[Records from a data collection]
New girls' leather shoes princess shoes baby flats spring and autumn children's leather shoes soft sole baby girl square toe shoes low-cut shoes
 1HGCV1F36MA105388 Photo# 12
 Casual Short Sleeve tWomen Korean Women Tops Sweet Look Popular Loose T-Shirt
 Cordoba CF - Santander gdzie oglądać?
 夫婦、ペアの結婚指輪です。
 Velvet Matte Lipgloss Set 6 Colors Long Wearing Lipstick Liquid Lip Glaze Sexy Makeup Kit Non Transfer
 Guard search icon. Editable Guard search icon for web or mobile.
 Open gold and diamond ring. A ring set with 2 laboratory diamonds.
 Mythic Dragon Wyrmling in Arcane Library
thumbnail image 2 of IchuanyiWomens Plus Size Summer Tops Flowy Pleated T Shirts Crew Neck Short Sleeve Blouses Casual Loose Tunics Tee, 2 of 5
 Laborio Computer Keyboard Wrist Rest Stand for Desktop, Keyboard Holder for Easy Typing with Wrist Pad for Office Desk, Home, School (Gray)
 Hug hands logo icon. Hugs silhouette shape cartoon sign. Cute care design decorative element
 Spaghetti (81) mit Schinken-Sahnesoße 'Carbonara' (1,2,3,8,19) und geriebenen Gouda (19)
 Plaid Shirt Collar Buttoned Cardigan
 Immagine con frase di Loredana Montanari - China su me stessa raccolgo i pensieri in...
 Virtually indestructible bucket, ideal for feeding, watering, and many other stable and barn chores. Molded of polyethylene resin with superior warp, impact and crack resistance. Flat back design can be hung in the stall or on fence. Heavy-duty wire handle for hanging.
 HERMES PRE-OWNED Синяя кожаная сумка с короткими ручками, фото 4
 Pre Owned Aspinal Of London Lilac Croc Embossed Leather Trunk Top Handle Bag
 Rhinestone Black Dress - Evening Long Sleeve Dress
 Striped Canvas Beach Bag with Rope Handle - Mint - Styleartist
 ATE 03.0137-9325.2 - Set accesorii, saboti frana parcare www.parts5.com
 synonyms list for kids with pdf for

- Exercise:
The answer should consist of the lines from the first line of the entries through the line with "Spaghetti (81) mit", copied exactly.

- Output for this exercise:
New girls' leather shoes princess shoes baby flats spring and autumn children's leather shoes soft sole baby girl square toe shoes low-cut shoes
 1HGCV1F36MA105388 Photo# 12
 Casual Short Sleeve tWomen Korean Women Tops Sweet Look Popular Loose T-Shirt
 Cordoba CF - Santander gdzie oglądać?
 夫婦、ペアの結婚指輪です。
 Velvet Matte Lipgloss Set 6 Colors Long Wearing Lipstick Liquid Lip Glaze Sexy Makeup Kit Non Transfer
 Guard search icon. Editable Guard search icon for web or mobile.
 Open gold and diamond ring. A ring set with 2 laboratory diamonds.
 Mythic Dragon Wyrmling in Arcane Library
thumbnail image 2 of IchuanyiWomens Plus Size Summer Tops Flowy Pleated T Shirts Crew Neck Short Sleeve Blouses Casual Loose Tunics Tee, 2 of 5
 Laborio Computer Keyboard Wrist Rest Stand for Desktop, Keyboard Holder for Easy Typing with Wrist Pad for Office Desk, Home, School (Gray)
 Hug hands logo icon. Hugs silhouette shape cartoon sign. Cute care design decorative element
 Spaghetti (81) mit Schinken-Sahnesoße 'Carbonara' (1,2,3,8,19) und geriebenen Gouda (19)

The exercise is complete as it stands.